Ich glaube nicht. Es macht vieles kaputt, was man nicht gutmachen kann. Man sollte womöglich nicht streiten.
Haben Sie viel gestritten mit Ernst Jandl?
Ja, in der ersten Zeit. Aber wir haben uns versöhnt. Es ging ja um Nebensächliches. Ich hing sehr an meiner Mutter, er sagte, man müsse sich in unserem Alter abnabeln.
Es gibt eine sehr schöne Passage in Ihrem jüngsten Buch: «Ich hatte das Schwimmen vergessen, sage ich zu EJ, nämlich wie man schwimmt und sich damit über Wasser hält, ich war immer eine gute Schwimmerin gewesen, aber jetzt, da ich gerne meine Jugend wiederholen möchte, gelingt es mir nicht mehr, in ein Bassin zu hüpfen und dann zu schwimmen, ich hatte das Schwimmen einfach verlernt.»
Warum gefällt Ihnen die Passage?
Weil ich mich frage: Kann man eigentlich auch Eigenschaften verlieren?
Ich war furchtbar eitel in meiner Jugend. Aber wie! Bin mit solchen hohen Stöckeln gegangen und immer nach der letzten Mode. Die Eitelkeit habe ich Gott sei Dank abgelegt.
Es ist anstrengend, eitel zu sein.
Es ist vor allem schade um die Zeit. Eitelkeit ist eine mindere Eigenschaft, sie führt direkt in die Hölle.
Wird man demütiger mit dem Alter?
Man wird demütiger, wenn man Erfolg hat. Wenn Menschen nach Lesungen mit Tränen in den Augen zu mir kommen und sagen: Das war der schönste Moment meines Lebens – was ich nicht glaube, aber was oft gesagt wird –, da bin ich demütig und denke: Das steht mir nicht zu, ich kann nichts für meine Begabung, sie wurde mir geschenkt.
Muss man erfolgreich sein, um demütig sein zu können?
Ja.
Das ist sehr traurig.
Ja.
Was würden Sie jungen Menschen raten in der Liebe?
Das mit der Wahrheit. Das ist wichtig. Bei einem Liebesverhältnis steht an erster Stelle die Wahrheit; man sollte einander immer aufrichtig gegenübertreten.
Und wenn man an seiner Liebe zweifelt?
Auch dann sollte man ehrlich sein. Sonst glaubt der andere, das sei die grosse Liebe. Aber die Wahrheit ist schwer.
Vielleicht geht es darum, die Wahrheit über sich selbst herauszufinden.
Ja, das glaube ich auch. Man versteht sich ja selber besser, wenn man liebt. Ich hatte oft das Gefühl, dass ich an Ernst Jandl wachse. Literarisch, aber auch menschlich.

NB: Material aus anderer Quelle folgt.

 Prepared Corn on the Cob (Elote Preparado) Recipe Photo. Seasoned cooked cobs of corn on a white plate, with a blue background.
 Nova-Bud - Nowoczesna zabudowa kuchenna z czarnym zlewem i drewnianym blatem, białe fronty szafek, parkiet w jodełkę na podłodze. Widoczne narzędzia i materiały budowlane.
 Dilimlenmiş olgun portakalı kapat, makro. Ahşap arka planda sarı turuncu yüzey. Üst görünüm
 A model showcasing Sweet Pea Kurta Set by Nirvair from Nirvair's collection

Was haben Sie denn von Ernst Jandl gelernt?
Ich habe meine Poesie ernster genommen.
Warum neigen wir dazu, alles, was in unserem Leben schön ist, kaputtzumachen?
Wieso sagen Sie das?
Haben Sie das nie erlebt?
Doch, aber ich meide solche Leute. Ich verstehe sie nicht.

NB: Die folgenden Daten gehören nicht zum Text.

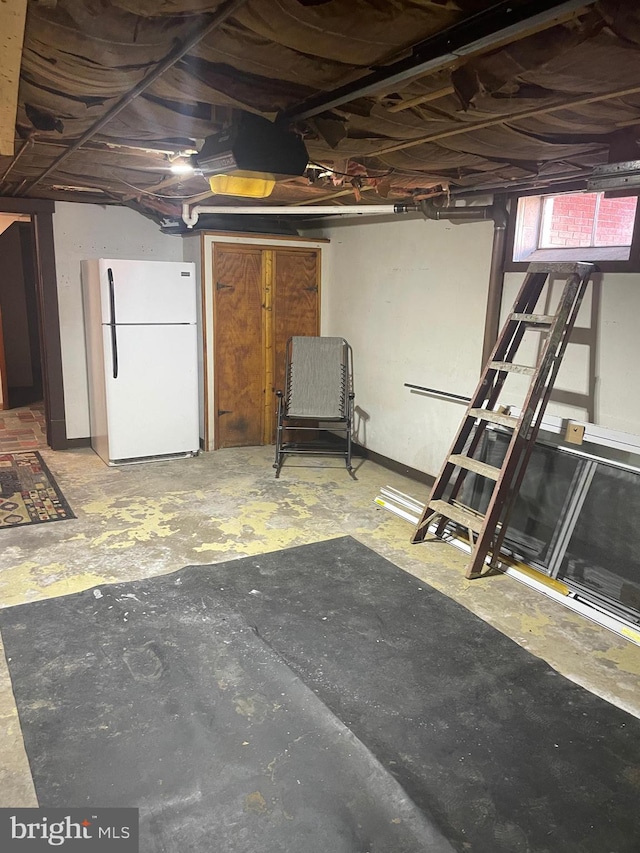 basement with white fridge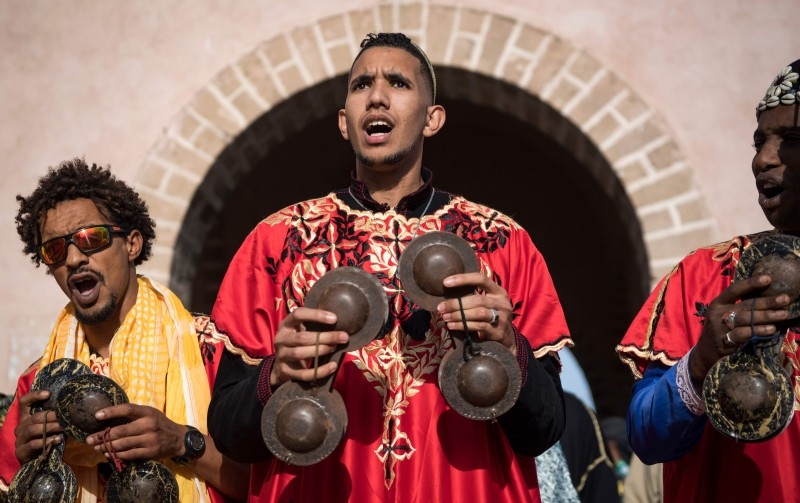 A Gnawa traditional group performs in the city of Essaouira, Morocco, to celebrate the decision of adding the Gnawa culture to UNESCO's list of Intangible Cultural Heritage of Humanity in this Dec. 14, 2019 file photo. — AFP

Manche tun sich halt schwer mit dem Glücklichsein.
Vielleicht muss man erst den Schmerz kennenlernen, um froh sein zu können, dass man glücklich ist. Viele glauben, man sei schwach, wenn man liebt. Aber wissen Sie: Hingabe ist keine Schwäche. Wenn man liebt, fühlt man ja Geborgenheit. Ich fand mich oft nicht zurecht in der Welt, ich hatte Angst vor Misserfolgen und Krankheiten. Und dann hatte ich irgendwann das Gefühl: Das ist jetzt der einzige Mensch, der mich wirklich versteht.
Friederike Mayröcker wurde 1924 in Wien geboren, wo sie noch heute lebt. Von 1946 bis 1969 arbeitete sie als Englischlehrerin, seither als Schriftstellerin. 1954 lernte sie den Dichter Ernst Jandl kennen. Er wurde die Liebe ihres Lebens; im Juni 2000 verstarb er. Ihr Werkverzeichnis umfasst über achtzig Titel, unter anderem «brütt oder Die seufzenden Gärten» (1998), «Magische Blätter» (2001), «Requiem für Ernst Jandl» (2001), zuletzt: «Und ich schüttelte einen Liebling» (2005).
Mikael Krogerus ist NZZ-Folio-Redaktor.